Честерфилду, наверное, не могло присниться и в страшном сне, чтоб эти угрюмые и самоуверенные люди получили возможность силой навязывать всем свои взгляды. Не так уж удивительно, что преуспели они именно в России, где культурная элита не имела ни достаточно прочного положения в государстве, ни реального влияния на народ. В самом деле, вместе со словом «любезность» ушло из повседневного обихода то, что это слово выражает; вместе с поклонами и прочими «пустяками» ушли оттенки чувств и отношений, которые только эти «пустяки» и способны были передать. Грандиозный «воспитательный» эксперимент, поставленный в России, дал свои очевидные и удручающие плоды. Хорошо еще, если мы вынесем из него хоть какие-то уроки. Например, избавимся от обыкновения загонять жизнь в схему очередной полюбившейся теории и не будем перегружать идеологией вещи, не имеющие к ней никакого отношения.

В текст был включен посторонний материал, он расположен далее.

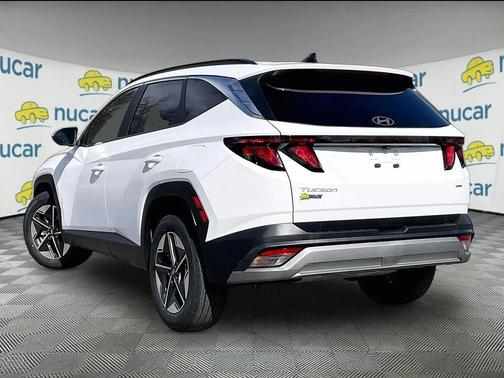 White Pearl 2025 Hyundai TUCSON SEL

… А есть ножом просто неудобно и некрасиво – вот и все.
МЕЧТАНЬЕ ЗЛОЕ ГРУСТЬ ЛЕЛЕЕТ…
«МЕЧТАНЬЕ ЗЛОЕ ГРУСТЬ ЛЕЛЕЕТ
В душе неопытной моей…»
«Оставь меня! – закричал я на него сквозь слезы. – Никто вы не любите меня, не понимаете, как я несчастлив! Все вы гадки, отвратительны, – прибавил я с каким-то исступлением, обращаясь ко всему обществу.» (Л. Н. Толстой. Детство)
Как это трудно – взрослеть! Незначительная, кажется, обида может мгновенно переполнить отчаяньем душу впечатлительного ребенка, и тогда ему приходят в голову самые дикие мысли. У Николеньки Иртеньева неудачный гувернер – он бестактен и глупо придирчив. Не замечаемая ни кем война между бездарным воспитателем и его подопечным оборачивается для мальчика подлинной личной драмой с приступами ненависти и горя, жаждой мести и желанием умереть.
«Только что папа выпустил мое ухо, я схватил его руку и со слезами принялся покрывать ее поцелуями.
– Бей меня еще, – говорил я сквозь слезы, – крепче, больнее, я негодный, я гадкий, я несчастный человек!
– Что с тобой? – сказал он, слегка отталкивая меня.
– Нет, ни за что не пойду, – сказал я, цепляясь за его сюртук. – Все ненавидят меня, я это знаю, но, ради Бога, ты выслушай меня, защити меня или выгони из дома. Я не могу с ним жить, он всячески старается унизить меня, велит становиться на колени перед собой, хочет высечь меня. Я не могу этого, я не маленький, я не перенесу этого, я умру, убью себя. Он сказал бабушке, что я негодный; она теперь больна, она умрет от меня, я… с… ним… ради Бога, высеки… за… что… му…чат.
Слезы душили меня, я сел на диван и, не в силах говорить более, упал головой ему на колена, рыдая так, что мне казалось, я должен был умереть в ту же минуту.»
Когда читаешь эти страницы толстовского «Детства», кажется, что ни непреложные нравственные принципы, ни строгие правила поведения, в которых воспитывался дворянский ребенок, ничем не могли помочь ему в подобных случаях. Но посмотрим на это глазами другого великого писателя, имевшего возможность сравнивать разные культурные и психологические типы, представленные в русской жизни последних десятилетий XIX века.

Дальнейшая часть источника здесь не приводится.